Dans une note publiée le 1er juillet 2026, le communicant et essayiste Raphaël LLorca a établi, pour la Fondation Jean-Jaurès, une cartographie des faiblesses potentielles de Jordan Bardella. Ce dernier pourrait devenir le candidat du Rassemblement national (RN) à l'élection présidentielle si la justice, le 7 juillet, confirme en appel la condamnation de Marine Le Pen dans l'affaire des assistants parlementaires européens.
Un candidat qui semble invincible, mais des fragilités cachées
Depuis plusieurs mois, Jordan Bardella multiplie les déplacements à l'étranger, les rencontres avec des patrons et la promotion de son nouveau livre. Les sondages lui sont très favorables : il enregistre des scores meilleurs que ceux de Marine Le Pen et est plébiscité par les électeurs RN. Pourtant, Raphaël LLorca estime que cette popularité pourrait être superficielle.
Selon la note, Bardella souffre d'un « manque de maturité » politique et d'une image trop lisse, parfois comparée à un « cyborg » ou à « Ken, le compagnon de Barbie ». L'auteur évoque également un syndrome du « Truman Show », où le candidat évoluerait dans une réalité construite, déconnectée des préoccupations réelles des Français.
Un « Macron bis » ? Les parallèles avec le président sortant
LLorca dresse un parallèle entre Bardella et Emmanuel Macron, le qualifiant de « Macron bis ». Il souligne que le chef du RN, comme le président sortant, mise sur une image jeune et moderniste, mais pourrait pâtir d'un déficit d'ancrage territorial et d'une méconnaissance des dossiers concrets.
La note insiste sur le fait que Bardella, malgré sa popularité dans les sondages, n'a jamais affronté une campagne présidentielle de grande ampleur.
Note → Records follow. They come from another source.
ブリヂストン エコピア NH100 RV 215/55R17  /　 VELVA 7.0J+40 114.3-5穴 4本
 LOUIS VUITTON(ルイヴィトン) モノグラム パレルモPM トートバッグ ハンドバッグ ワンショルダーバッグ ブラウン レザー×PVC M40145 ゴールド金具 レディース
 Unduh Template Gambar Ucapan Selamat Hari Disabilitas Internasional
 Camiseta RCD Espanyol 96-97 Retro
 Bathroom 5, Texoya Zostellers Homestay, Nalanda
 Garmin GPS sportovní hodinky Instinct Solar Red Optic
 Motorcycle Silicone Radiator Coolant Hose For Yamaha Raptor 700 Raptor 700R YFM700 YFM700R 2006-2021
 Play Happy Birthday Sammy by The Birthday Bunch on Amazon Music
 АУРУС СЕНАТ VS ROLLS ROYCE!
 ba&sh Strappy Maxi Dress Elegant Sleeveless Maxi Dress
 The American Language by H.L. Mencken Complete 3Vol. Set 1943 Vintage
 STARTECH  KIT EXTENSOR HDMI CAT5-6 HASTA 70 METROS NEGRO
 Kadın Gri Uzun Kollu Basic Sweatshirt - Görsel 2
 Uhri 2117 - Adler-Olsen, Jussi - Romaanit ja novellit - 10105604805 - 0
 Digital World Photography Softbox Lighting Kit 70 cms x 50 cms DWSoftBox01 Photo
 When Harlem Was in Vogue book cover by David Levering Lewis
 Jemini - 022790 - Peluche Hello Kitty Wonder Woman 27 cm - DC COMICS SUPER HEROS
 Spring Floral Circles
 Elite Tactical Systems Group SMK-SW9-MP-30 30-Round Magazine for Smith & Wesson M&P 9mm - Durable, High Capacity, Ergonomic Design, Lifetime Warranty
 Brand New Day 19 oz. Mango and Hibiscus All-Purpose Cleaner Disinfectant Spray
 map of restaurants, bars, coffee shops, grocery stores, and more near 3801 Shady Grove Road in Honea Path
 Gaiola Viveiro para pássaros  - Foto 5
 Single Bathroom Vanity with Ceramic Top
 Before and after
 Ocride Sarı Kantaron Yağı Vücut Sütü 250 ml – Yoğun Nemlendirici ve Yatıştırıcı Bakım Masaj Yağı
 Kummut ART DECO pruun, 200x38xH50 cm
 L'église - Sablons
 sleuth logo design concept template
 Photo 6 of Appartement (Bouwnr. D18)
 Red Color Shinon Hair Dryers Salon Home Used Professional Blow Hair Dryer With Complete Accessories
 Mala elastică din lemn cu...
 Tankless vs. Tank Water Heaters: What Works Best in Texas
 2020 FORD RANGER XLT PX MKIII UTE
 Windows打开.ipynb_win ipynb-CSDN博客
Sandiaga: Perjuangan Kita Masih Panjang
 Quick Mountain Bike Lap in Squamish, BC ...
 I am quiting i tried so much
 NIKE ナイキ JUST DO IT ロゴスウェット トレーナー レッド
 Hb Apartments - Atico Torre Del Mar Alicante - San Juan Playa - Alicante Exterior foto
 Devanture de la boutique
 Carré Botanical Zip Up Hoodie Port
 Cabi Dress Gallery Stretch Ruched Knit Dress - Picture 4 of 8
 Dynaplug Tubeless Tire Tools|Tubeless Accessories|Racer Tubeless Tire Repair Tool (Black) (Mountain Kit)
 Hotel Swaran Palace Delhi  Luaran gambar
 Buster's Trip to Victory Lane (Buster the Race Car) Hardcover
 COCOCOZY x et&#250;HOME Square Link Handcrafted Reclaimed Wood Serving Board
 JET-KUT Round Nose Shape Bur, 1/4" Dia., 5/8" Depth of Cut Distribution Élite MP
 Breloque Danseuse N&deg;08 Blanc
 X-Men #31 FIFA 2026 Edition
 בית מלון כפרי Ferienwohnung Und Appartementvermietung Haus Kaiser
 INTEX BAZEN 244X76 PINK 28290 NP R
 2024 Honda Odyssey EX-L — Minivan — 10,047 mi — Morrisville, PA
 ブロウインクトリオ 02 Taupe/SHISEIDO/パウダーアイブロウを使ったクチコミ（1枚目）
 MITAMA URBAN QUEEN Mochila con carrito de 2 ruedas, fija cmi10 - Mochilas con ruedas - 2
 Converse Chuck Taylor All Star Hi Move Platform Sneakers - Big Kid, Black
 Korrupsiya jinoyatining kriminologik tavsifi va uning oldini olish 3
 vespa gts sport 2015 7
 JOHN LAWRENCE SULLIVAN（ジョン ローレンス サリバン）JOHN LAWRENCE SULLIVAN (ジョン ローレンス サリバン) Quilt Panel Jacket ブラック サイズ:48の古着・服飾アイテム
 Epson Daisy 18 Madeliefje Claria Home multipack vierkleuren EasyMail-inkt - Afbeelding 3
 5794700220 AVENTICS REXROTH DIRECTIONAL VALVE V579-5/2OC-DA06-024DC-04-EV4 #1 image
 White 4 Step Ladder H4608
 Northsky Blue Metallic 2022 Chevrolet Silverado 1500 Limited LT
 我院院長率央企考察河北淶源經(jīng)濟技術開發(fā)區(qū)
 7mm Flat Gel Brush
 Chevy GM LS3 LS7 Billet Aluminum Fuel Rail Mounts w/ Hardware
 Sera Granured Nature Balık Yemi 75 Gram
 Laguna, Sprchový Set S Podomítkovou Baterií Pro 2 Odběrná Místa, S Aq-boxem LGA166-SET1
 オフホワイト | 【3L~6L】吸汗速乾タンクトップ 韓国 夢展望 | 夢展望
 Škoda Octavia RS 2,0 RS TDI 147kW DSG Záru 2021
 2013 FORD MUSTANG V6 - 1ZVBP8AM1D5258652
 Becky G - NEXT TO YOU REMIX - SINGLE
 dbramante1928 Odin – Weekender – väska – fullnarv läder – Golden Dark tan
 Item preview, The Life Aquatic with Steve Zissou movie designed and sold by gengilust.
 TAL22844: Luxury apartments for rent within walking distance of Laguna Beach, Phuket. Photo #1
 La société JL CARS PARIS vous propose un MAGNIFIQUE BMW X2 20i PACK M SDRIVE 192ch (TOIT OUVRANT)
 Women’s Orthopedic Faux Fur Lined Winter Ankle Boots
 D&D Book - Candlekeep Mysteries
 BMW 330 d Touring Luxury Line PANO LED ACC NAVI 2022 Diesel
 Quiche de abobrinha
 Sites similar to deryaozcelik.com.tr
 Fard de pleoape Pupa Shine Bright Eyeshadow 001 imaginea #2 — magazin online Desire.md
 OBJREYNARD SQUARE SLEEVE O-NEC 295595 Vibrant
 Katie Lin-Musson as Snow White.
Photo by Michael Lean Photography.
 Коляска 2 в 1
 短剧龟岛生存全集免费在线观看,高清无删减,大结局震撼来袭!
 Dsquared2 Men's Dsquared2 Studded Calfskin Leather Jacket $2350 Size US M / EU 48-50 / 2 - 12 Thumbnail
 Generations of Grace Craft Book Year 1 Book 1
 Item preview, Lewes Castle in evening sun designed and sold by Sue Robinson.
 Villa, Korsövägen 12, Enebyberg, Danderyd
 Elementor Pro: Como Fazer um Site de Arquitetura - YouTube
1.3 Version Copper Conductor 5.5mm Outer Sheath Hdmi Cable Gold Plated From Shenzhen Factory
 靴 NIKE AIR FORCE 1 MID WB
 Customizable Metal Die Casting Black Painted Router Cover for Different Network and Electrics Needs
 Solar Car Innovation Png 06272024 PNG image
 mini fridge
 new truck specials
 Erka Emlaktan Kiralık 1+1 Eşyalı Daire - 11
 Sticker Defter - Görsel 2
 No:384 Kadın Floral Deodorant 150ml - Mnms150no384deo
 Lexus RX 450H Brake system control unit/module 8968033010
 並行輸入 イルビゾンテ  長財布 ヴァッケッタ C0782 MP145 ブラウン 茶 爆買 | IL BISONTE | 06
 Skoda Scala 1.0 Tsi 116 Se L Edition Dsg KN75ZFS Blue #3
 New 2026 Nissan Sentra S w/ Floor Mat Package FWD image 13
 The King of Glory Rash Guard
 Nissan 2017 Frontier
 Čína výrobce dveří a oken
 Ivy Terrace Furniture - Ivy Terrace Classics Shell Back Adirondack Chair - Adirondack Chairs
Ses faiblesses pourraient être exploitées par ses adversaires, notamment sur des sujets comme l'économie ou la sécurité, où ses propositions manquent de précision.
Une analyse qui interroge la stratégie du RN
Cette étude arrive à un moment crucial pour le RN, alors que Marine Le Pen pourrait être déclarée inéligible. Si Bardella devait la remplacer, il devrait faire face à des critiques sur son manque d'expérience et son image trop formatée. La Fondation Jean-Jaurès, proche du Parti socialiste, publie régulièrement des notes stratégiques sur les forces et faiblesses des candidats.
Selon Raphaël LLorca, « Jordan Bardella est un candidat qui séduit dans les sondages, mais qui pourrait s'effondrer sous le poids des attentes et des attaques politiques ». Il recommande aux opposants de ne pas sous-estimer ses capacités de communication, tout en ciblant ses lacunes sur le fond.
La note conclut que la présidentielle de 2027 pourrait être un test décisif pour Bardella, dont la popularité actuelle ne garantit pas une victoire face à des candidats plus aguerris.